The line with "Oh yes, said" through the last line of the entries: give these again exactly, and only these, without any pictures.

Saved data entries:
+ + + +
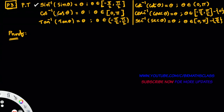Similarly, all the results: cos inverse of cos theta is theta, tan inverse of tan theta is theta. Remembering these formulas is very easy. But the point is, sin inverse of sin theta equals theta holds good only when theta belongs to the closed interval [-π/2, π/2].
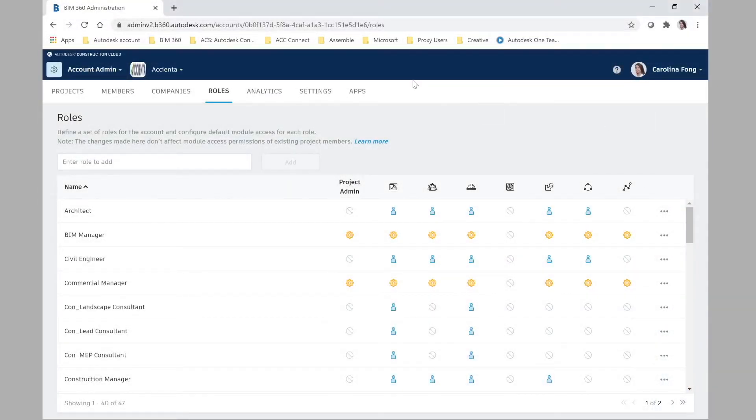Hello and welcome to this new video. Today we're going to go through how to create new roles and add members.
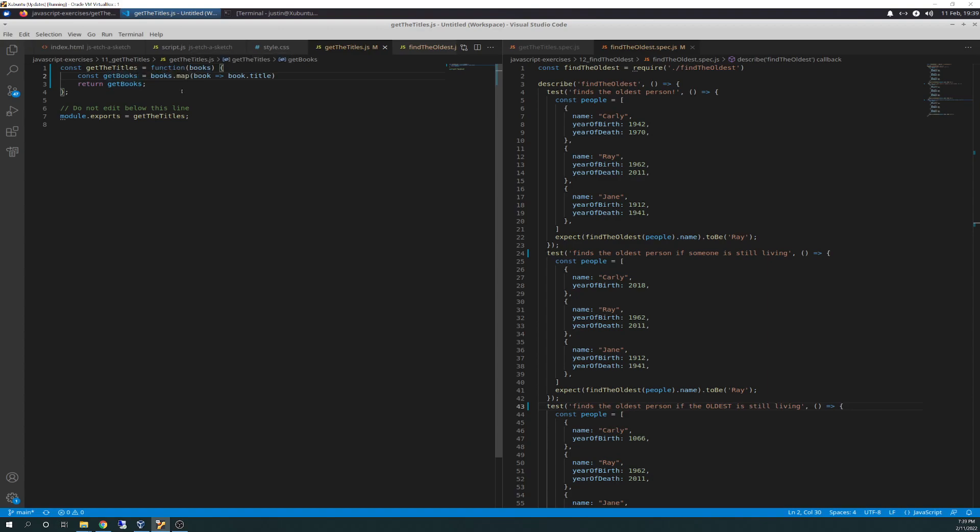And we have a parameter of books, an input parameter. And then getBooks equals books.map. So we're going to run that map. That map, I keep wanting to say function. It's really a method, array method. And inside of that, we're going to have a parameter called book that's going to run a function and loop over. Remember, it's a loop. Map is still a loop. And it's going to loop over book.title.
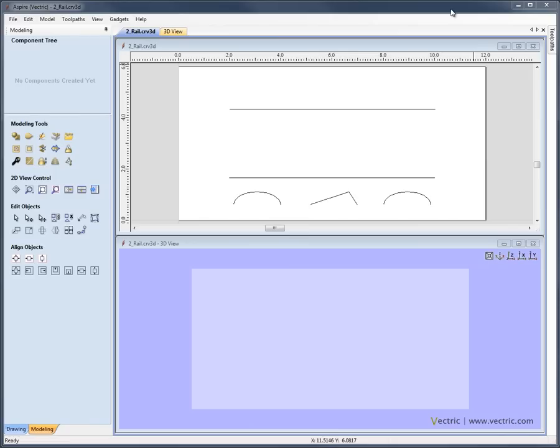In this video overview, we're going to give you a guide to the 2-rail sweep function in Aspire. We're going to work through a number of different examples to show you all the features of this particular tool, and that will help you to see just how powerful this is, even though it relies on a relatively simple concept to use.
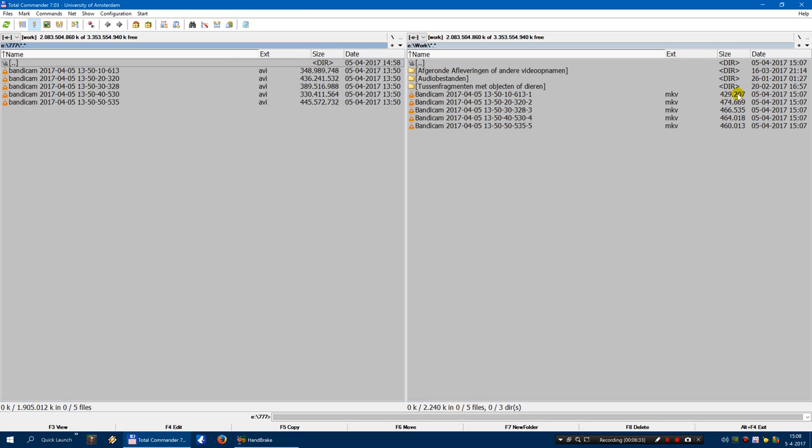Well, you can see they are only a half a megabyte in size. So that's big difference, right.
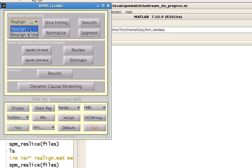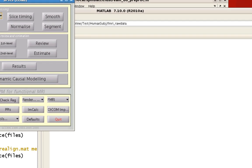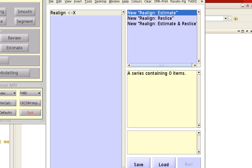For now, we're only going to focus on Realign. This tool takes images within each run and aligns them to the first image of that run. Then all images from each run will be aligned to the first volume of the first run.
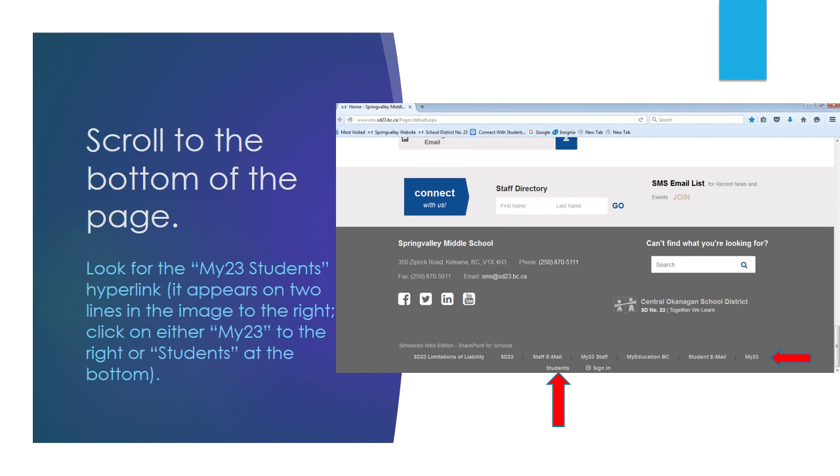Once you get there, scroll to the bottom of the home page. There are several hyperlinks. Look for the my23students hyperlink. It's over two lines and you can either click on my23 at the end, the right end of the top line, or you can click on students at the bottom underneath all of the other hyperlinks.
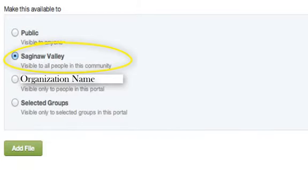The second option is Saginaw Valley. This option makes the item visible to all users within this community.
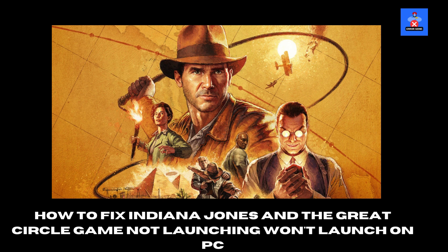Hello everyone, welcome to Error Genie. In today's video, I'll show you how to fix Indiana Jones and the Great Circle not launching on PC. If the game won't launch, follow these step-by-step instructions to troubleshoot and resolve the issue. Let's get started.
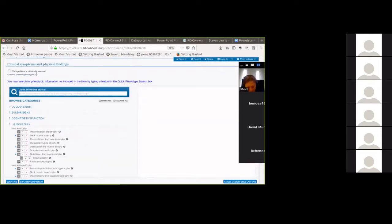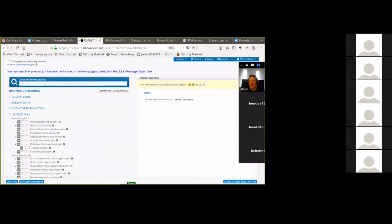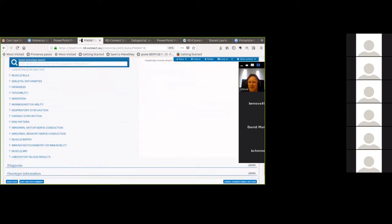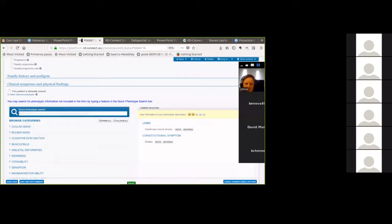If it's not there in the expected location, you can type in 'quadriceps muscle atrophy' in the search box and it will find it, highlighting it in the correct place in the hierarchy. You can see it's within 'limbs' in this case. We do the same for other phenotypic characteristics — for example, myalgia or muscle pain, which is a constitutional symptom. So what we're doing here is describing the case in some detail.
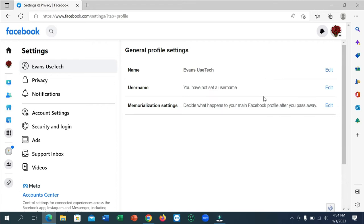Alright, right now you can see the first option is Name. Click on this edit icon.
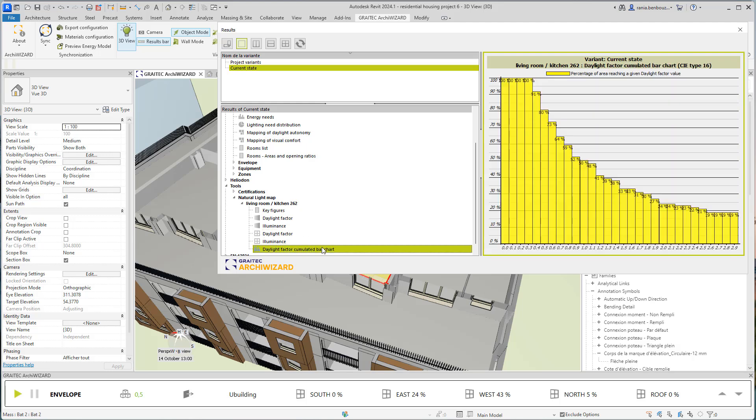And then I will find some statistical data about the percentage of area reaching a given daylight factor value. This is to have additional information about your light map calculations.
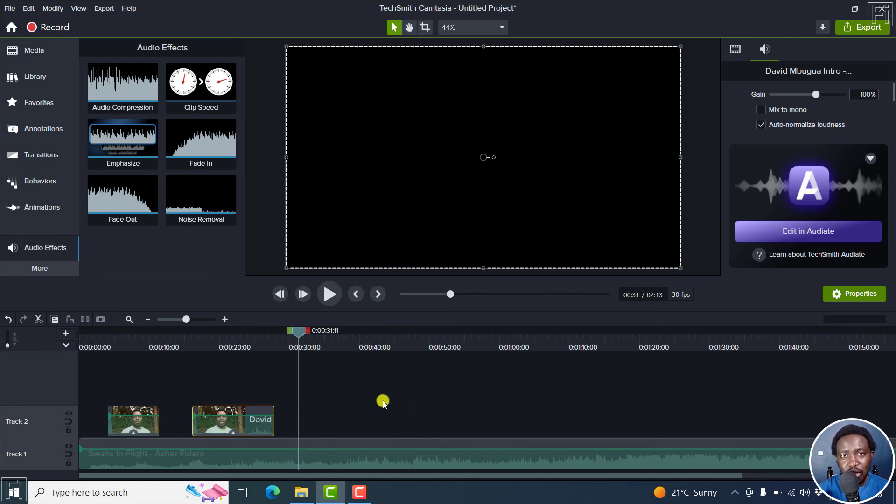the volume when there's voiceover, but the emphasize audio effect is really, really awesome.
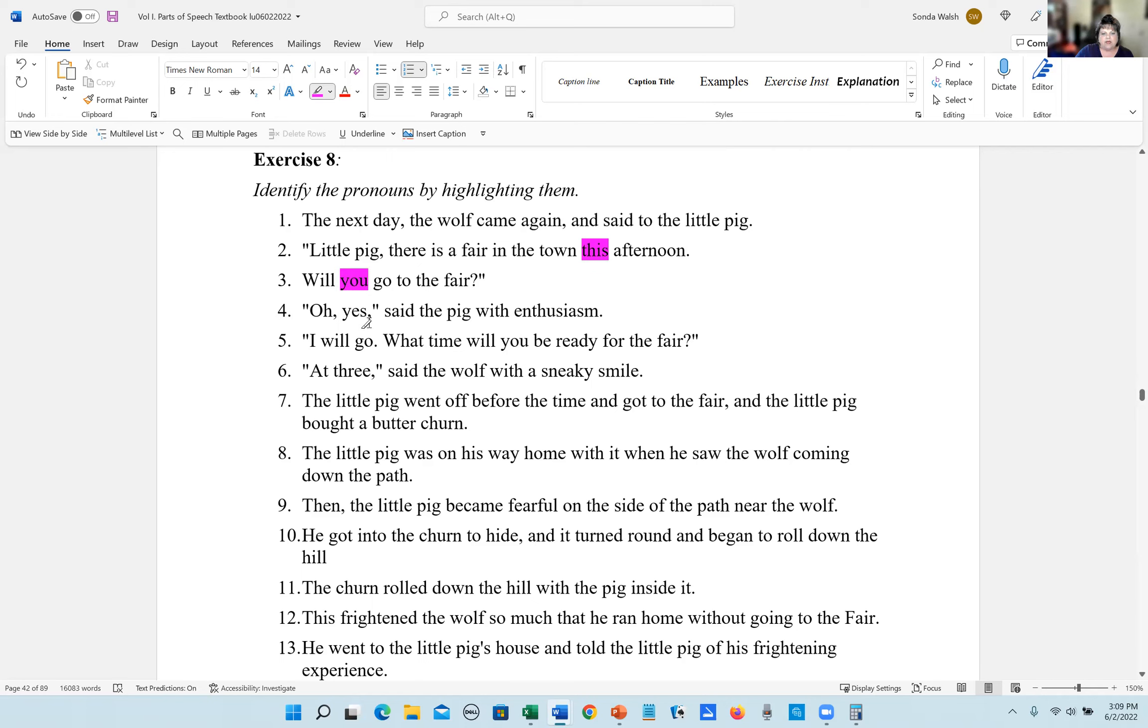Oh yes, said the pig with enthusiasm. There are no pronouns in that sentence. Number five, I will go. What time will you be ready for the fair? The answers are I and you.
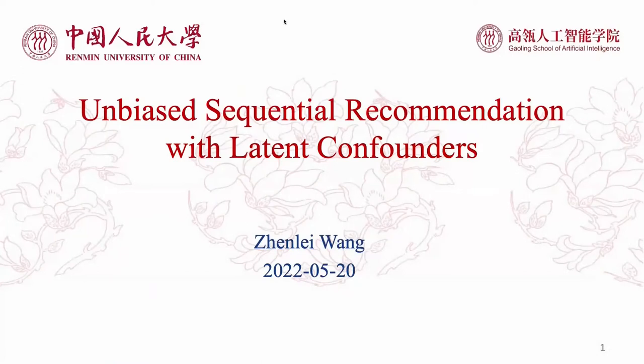Hi, my name is Wang Zhenglei. I come from Renmin University of China. I appreciate the opportunity to be with you today.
+ + + +
▶ Task result:
Oh yes, said the pig with enthusiasm. There are no pronouns in that sentence. Number five, I will go. What time will you be ready for the fair? The answers are I and you.
Hi, my name is Wang Zhenglei. I come from Renmin University of China. I appreciate the opportunity to be with you today.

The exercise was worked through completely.